_Problem_
Transcribe only part of the material below: the lines from the one containing "2018 Big Bass Tour Lake Conroe Day 2" through the one containing "ほんのり頬染めて　P1200278zz", inclusive, exactly as written.

_Excerpted data_
──────────

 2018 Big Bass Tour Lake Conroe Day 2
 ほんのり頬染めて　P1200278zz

──────────

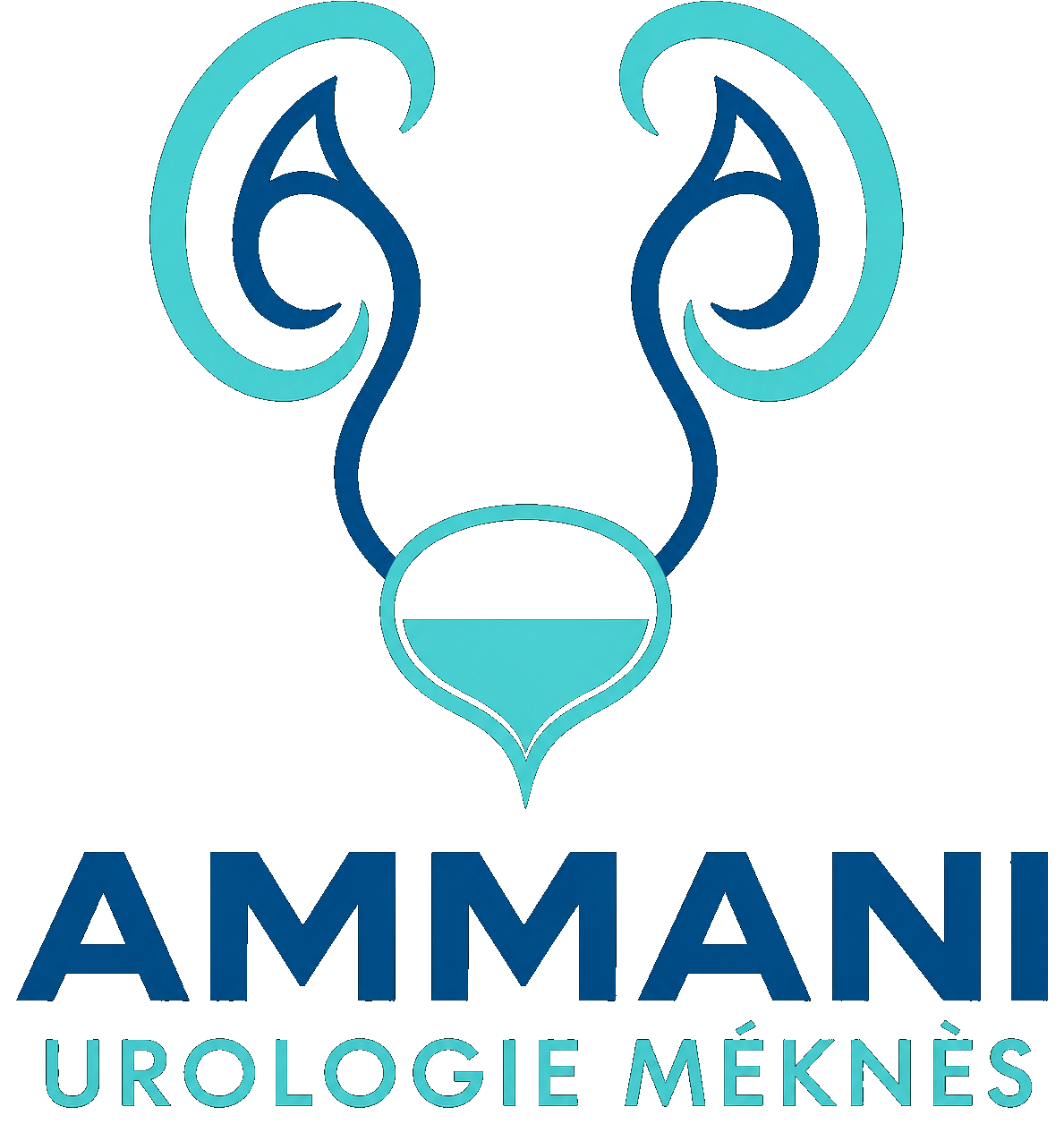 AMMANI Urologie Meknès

──────────

_Problem solution_
 2018 Big Bass Tour Lake Conroe Day 2
 ほんのり頬染めて　P1200278zz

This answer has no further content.